What the exercise asks:
Below are the records; give again exactly the line with "7462 S 2300, Cottonwood", the line with "The master builders", and each line that lies between them, and nothing besides.

Data supplied:
—————

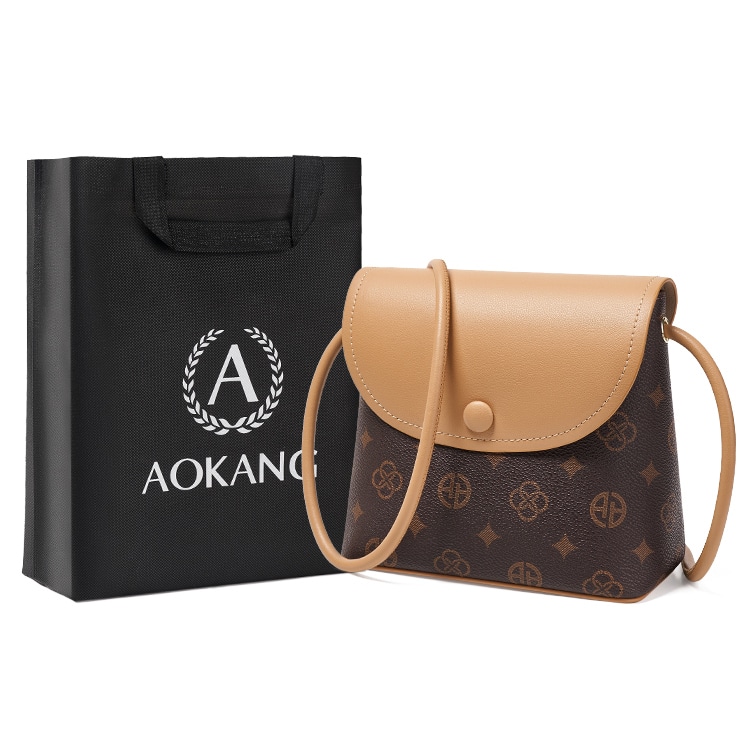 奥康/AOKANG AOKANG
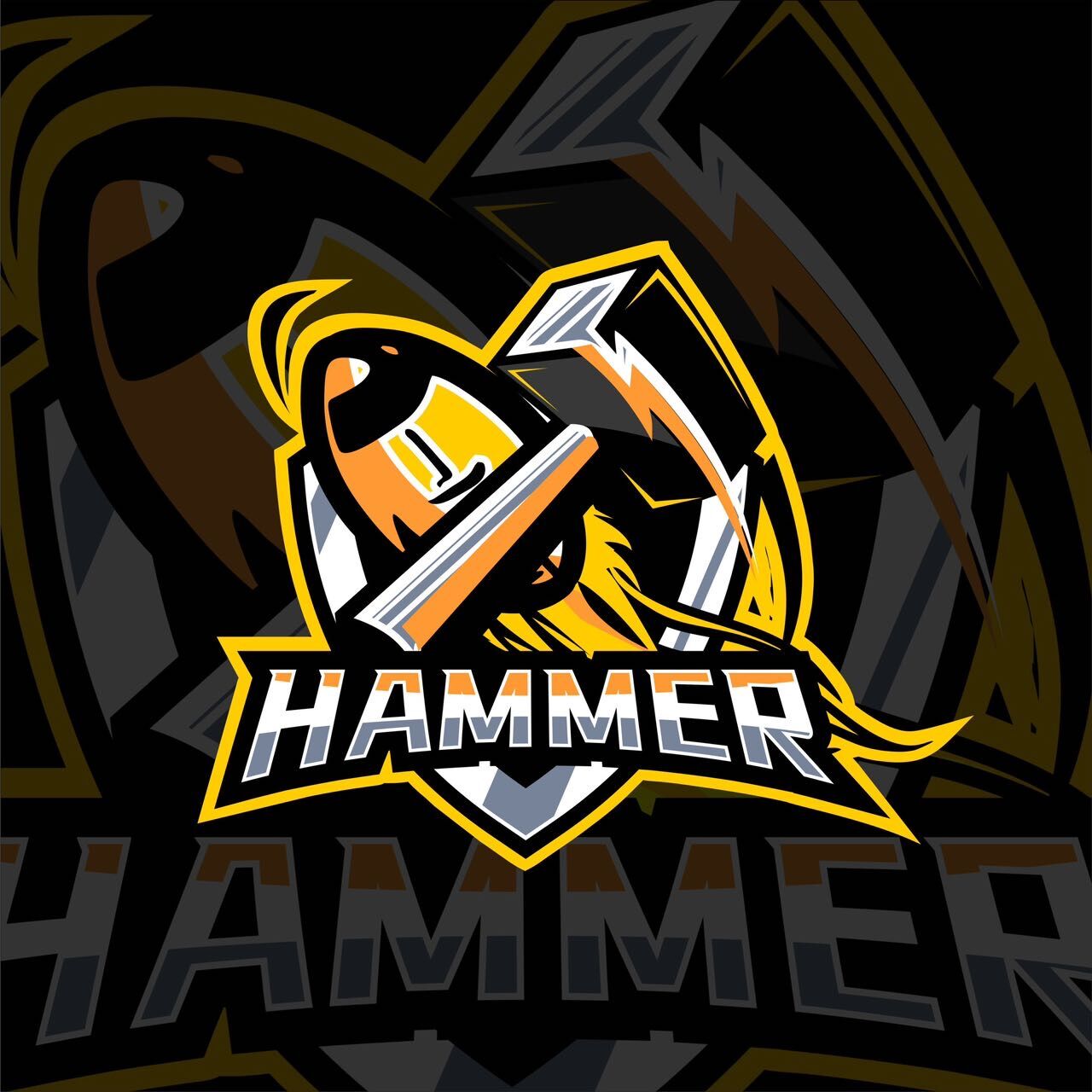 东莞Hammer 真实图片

—————

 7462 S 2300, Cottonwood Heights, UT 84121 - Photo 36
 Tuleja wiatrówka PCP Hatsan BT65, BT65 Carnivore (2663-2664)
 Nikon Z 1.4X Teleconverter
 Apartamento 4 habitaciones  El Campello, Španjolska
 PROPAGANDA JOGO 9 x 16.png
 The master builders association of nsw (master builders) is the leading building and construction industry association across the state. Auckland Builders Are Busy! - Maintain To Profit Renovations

—————

Output of the exercise:
 7462 S 2300, Cottonwood Heights, UT 84121 - Photo 36
 Tuleja wiatrówka PCP Hatsan BT65, BT65 Carnivore (2663-2664)
 Nikon Z 1.4X Teleconverter
 Apartamento 4 habitaciones  El Campello, Španjolska
 PROPAGANDA JOGO 9 x 16.png
 The master builders association of nsw (master builders) is the leading building and construction industry association across the state. Auckland Builders Are Busy! - Maintain To Profit Renovations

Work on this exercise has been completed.